◆ **What you will do**:
Beginning with the line below that contains "That covers the" and ending with the line that contains "What I've done", retype every line exactly. Pictures are not copied.

** Opening Source material block **

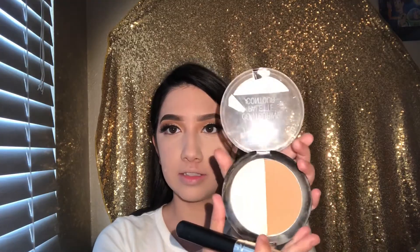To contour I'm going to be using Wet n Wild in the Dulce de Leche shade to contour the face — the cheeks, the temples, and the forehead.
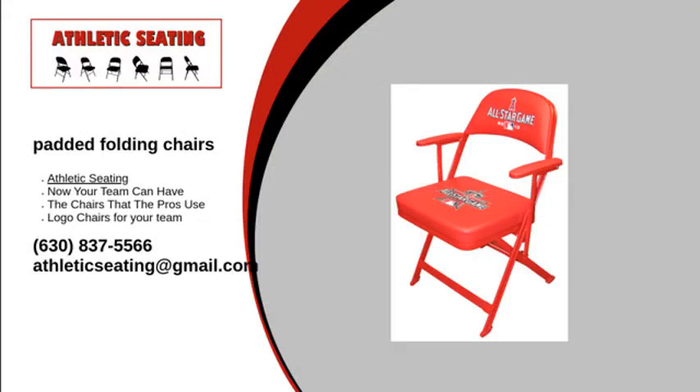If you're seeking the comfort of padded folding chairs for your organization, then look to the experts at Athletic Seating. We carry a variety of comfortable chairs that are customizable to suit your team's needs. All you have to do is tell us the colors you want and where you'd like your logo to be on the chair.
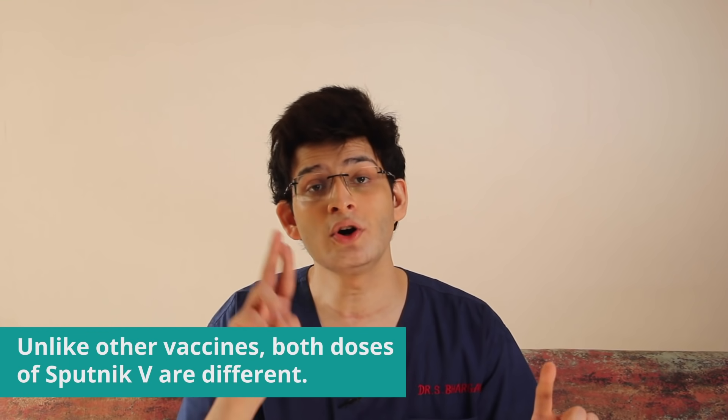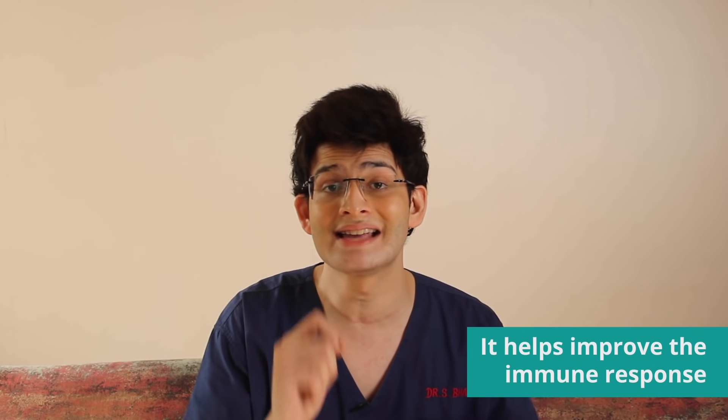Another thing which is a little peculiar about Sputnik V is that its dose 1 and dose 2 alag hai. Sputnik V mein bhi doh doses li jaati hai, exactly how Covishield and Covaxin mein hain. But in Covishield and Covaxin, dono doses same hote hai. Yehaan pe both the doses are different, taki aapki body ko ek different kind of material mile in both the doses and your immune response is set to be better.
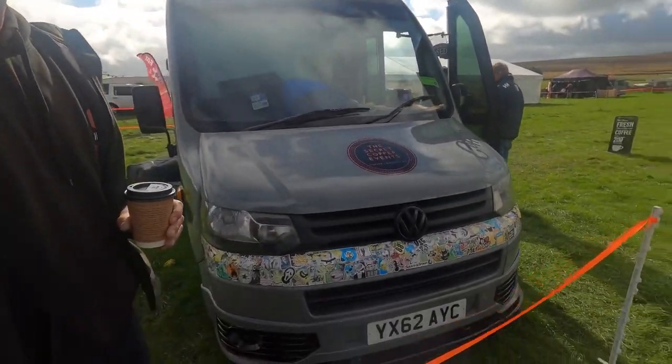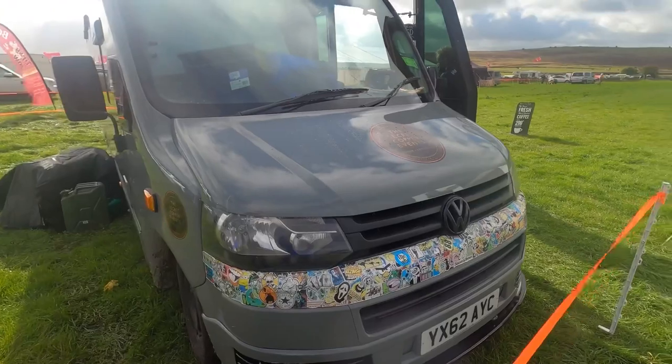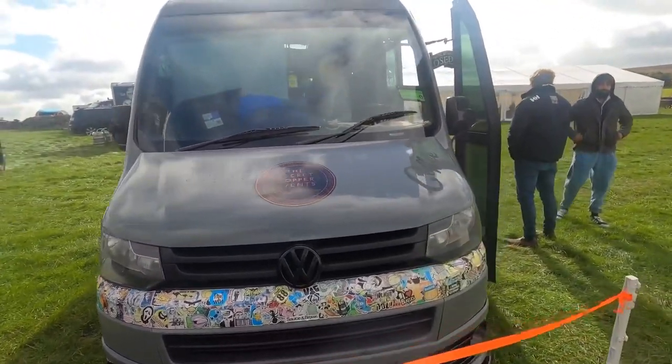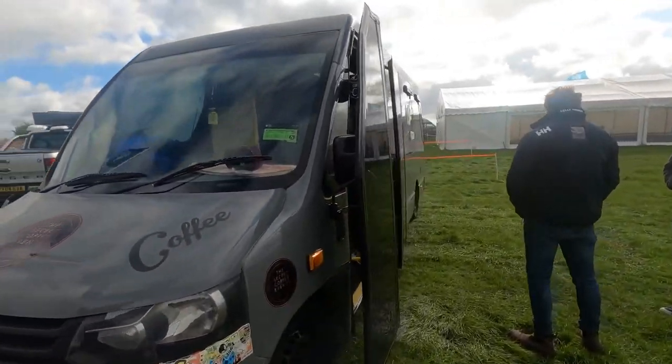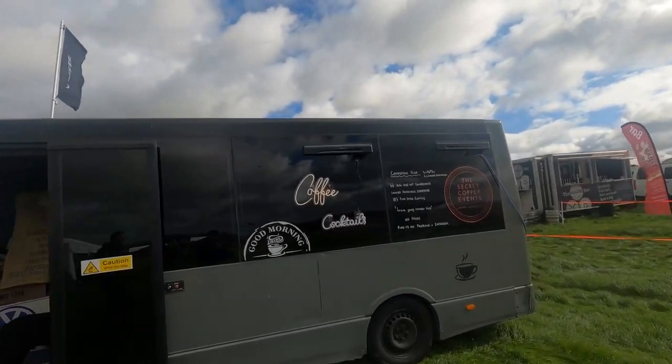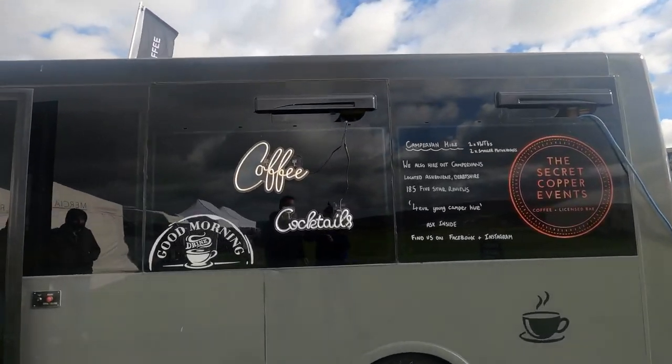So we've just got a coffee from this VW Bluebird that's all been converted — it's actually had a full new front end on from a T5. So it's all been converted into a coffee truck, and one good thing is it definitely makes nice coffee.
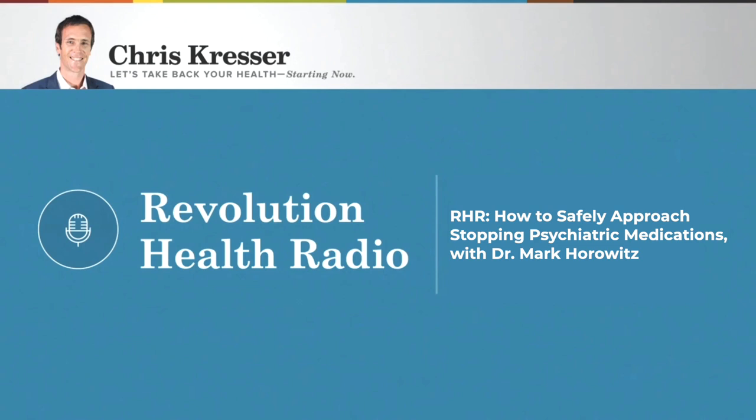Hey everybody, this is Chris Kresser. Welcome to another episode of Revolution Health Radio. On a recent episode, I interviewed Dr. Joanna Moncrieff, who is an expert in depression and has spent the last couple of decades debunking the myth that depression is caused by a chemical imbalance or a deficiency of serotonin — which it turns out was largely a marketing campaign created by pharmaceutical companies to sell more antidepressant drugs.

** Closing Source material block **
** Opening Source material block **

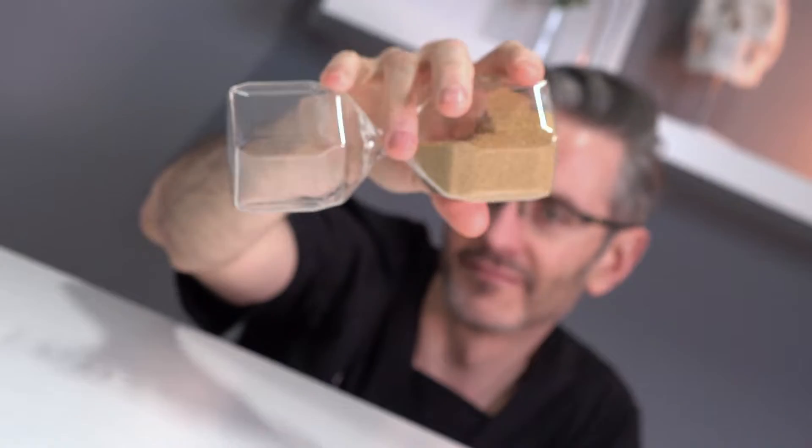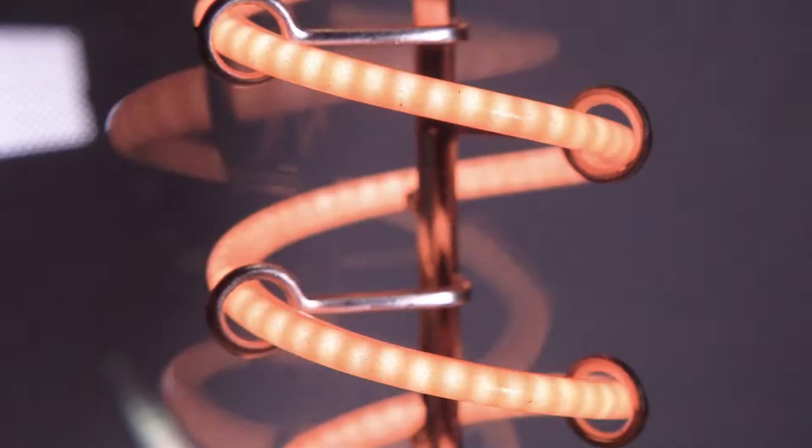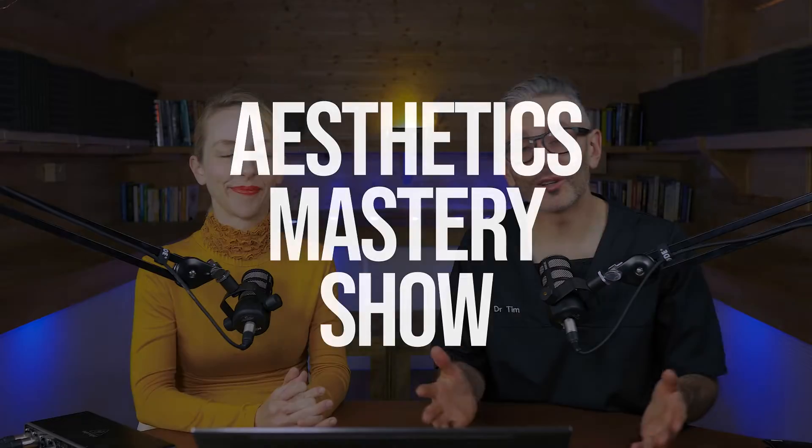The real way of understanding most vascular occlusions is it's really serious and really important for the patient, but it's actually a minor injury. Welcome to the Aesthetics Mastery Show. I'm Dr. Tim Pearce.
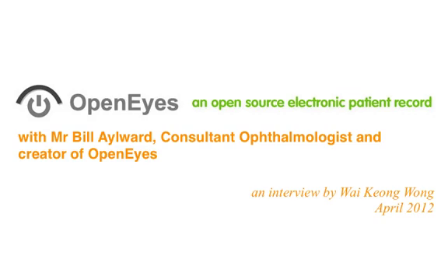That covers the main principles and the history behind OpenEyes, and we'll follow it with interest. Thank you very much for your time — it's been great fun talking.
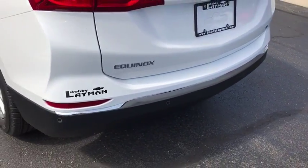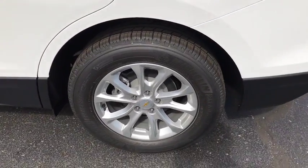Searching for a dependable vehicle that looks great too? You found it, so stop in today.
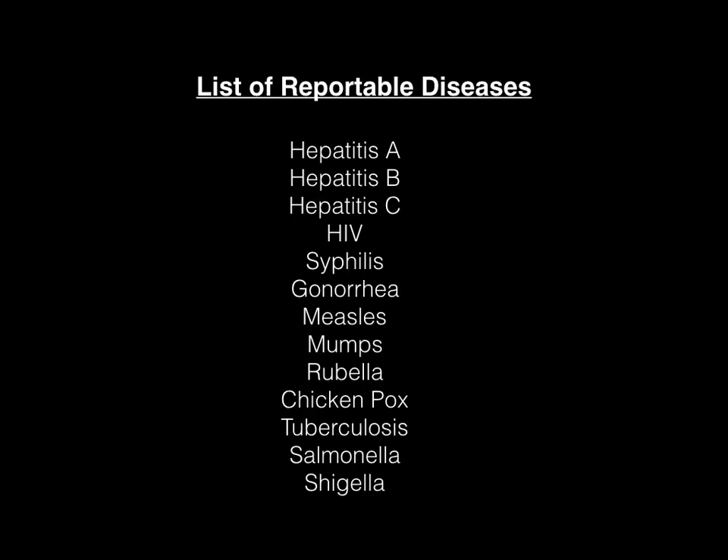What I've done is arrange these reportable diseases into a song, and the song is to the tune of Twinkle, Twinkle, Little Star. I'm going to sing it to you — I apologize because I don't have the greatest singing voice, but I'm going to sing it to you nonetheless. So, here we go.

** Closing Source material block **

◆ **Response to this exercise**:
That covers the main principles and the history behind OpenEyes, and we'll follow it with interest. Thank you very much for your time — it's been great fun talking.
Searching for a dependable vehicle that looks great too? You found it, so stop in today.
What I've done is arrange these reportable diseases into a song, and the song is to the tune of Twinkle, Twinkle, Little Star. I'm going to sing it to you — I apologize because I don't have the greatest singing voice, but I'm going to sing it to you nonetheless. So, here we go.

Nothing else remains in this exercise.